Sanada Yukimura is a famous samurai from Nagano in the Sengoku Warring States period. He was a master of military strategy. He was called the best warrior in Japan. He fought in many battles.
His father Sanada Masayuki fought with Yukimura in the Western forces against Tokugawa Ieyasu. But in an astonishing tactical move he aligned his first son Sanada Nobuyuki with the Eastern forces. It was reminiscent of the Judgment of Solomon. Whatever the outcome the Sanada line would survive. But the family would be forever divided.

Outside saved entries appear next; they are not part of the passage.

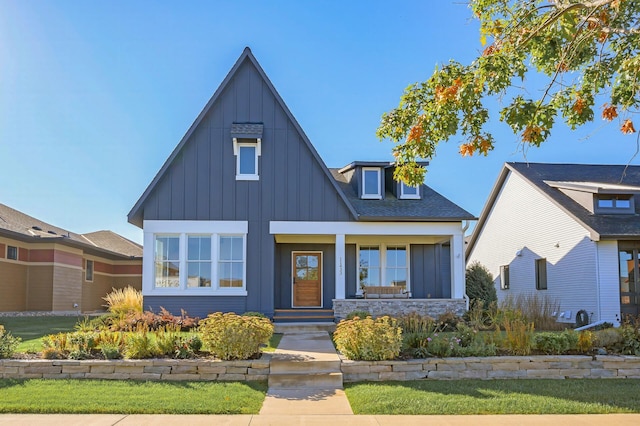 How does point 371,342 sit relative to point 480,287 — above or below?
below

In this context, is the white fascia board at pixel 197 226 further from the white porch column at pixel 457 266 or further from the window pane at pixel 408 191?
the white porch column at pixel 457 266

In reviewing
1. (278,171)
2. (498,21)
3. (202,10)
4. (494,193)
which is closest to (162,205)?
(278,171)

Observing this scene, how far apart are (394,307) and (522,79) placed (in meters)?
9.63

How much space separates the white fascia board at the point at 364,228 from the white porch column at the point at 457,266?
10.0 inches

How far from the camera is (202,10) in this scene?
40.1ft

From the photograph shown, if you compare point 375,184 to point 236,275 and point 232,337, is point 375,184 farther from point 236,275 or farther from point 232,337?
point 232,337

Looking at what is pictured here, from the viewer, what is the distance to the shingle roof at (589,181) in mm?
18594

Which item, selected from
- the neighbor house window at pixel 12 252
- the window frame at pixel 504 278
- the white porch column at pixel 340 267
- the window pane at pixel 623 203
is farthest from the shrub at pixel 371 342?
the neighbor house window at pixel 12 252

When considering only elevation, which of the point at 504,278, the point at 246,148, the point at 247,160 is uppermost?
the point at 246,148

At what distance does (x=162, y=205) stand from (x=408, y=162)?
31.4 ft

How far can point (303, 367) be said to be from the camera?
1005 centimetres

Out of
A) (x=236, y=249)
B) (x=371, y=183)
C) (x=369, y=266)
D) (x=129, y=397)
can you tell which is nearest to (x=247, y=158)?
(x=236, y=249)

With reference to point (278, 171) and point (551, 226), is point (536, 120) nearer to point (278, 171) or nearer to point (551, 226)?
point (278, 171)

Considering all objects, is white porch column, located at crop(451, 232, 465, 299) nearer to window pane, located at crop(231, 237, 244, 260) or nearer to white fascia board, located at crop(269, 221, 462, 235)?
white fascia board, located at crop(269, 221, 462, 235) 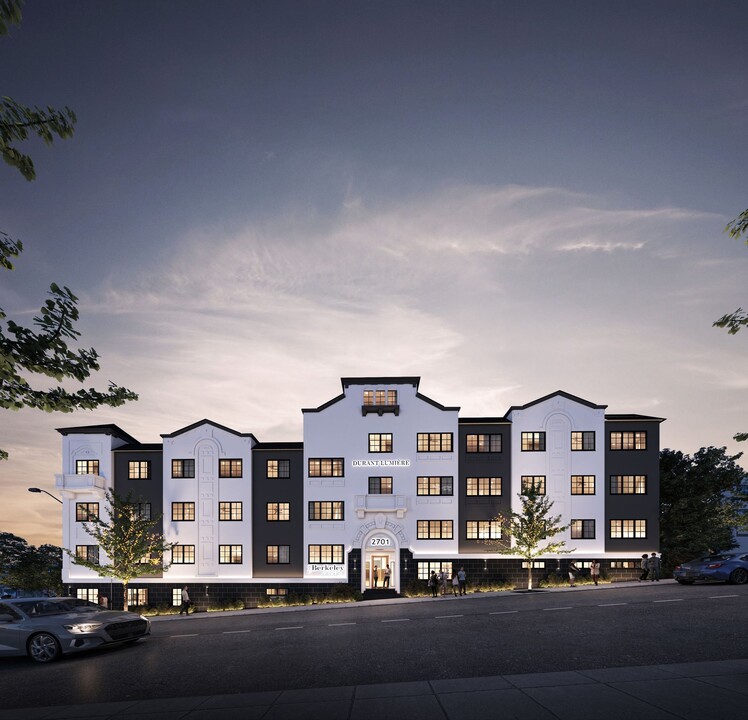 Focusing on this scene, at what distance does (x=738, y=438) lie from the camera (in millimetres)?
10703

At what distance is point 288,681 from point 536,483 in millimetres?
32365

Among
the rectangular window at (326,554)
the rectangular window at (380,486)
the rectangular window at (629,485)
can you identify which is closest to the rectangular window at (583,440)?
the rectangular window at (629,485)

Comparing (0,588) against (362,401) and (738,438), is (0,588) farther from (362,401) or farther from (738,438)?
(738,438)

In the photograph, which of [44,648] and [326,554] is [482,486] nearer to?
[326,554]

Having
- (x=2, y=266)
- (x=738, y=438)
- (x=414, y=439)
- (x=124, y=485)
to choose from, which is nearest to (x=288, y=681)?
(x=2, y=266)

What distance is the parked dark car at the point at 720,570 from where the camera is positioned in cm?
2755

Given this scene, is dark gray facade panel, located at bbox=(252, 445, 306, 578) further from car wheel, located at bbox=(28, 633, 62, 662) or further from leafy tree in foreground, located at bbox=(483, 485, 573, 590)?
car wheel, located at bbox=(28, 633, 62, 662)

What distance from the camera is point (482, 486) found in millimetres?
41062

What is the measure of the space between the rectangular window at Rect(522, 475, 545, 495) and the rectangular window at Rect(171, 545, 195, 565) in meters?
23.3

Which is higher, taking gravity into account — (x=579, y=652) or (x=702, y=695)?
(x=702, y=695)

General Takamichi Kuribayashi was an impressive warrior from Nagano in the twentieth century. He was played by Ken Watanabe in the Clint Eastwood movie Letters from Iwo Jima.
at ease talking or remaining silent
moving or staying still
serene even when greeted with sharp weapons Yoka Genkaku, The Song of Enlightenment
If you can keep your head when all about you
Are losing theirs Rudyard Kipling, If
This is a true story about a famous aikido teacher.. One day he got into a fight. He let himself get provoked. The blood rushed to his head and he lost his cool. But instead of using aikido he punched the other man. He got into a punching match. It should have been easy for him to handle the situation. All he had to do was keep cool. And let his training kick in.
So decades of training. And great technical ability.
Out. The. Window.
I saw a similar thing happen once with someone who had done judo for many years. He made a completely unjustified aggressive comment to somebody. The man warned him. But the judoka didn't cool the situation down. He took the rudeness up a notch. So the man just punched him. The judoka didn't throw him. Or control him. Or wrap him up and take him to the ground. He headbutted him.
The final result was that the other man punched him a few more times. The judoka ended up in hospital. The other man ended up in a police cell.
Years of training. Forgotten. In an instant.
These weren't beginners. One was a professional aikido teacher. The other was a veteran of many judo tournaments.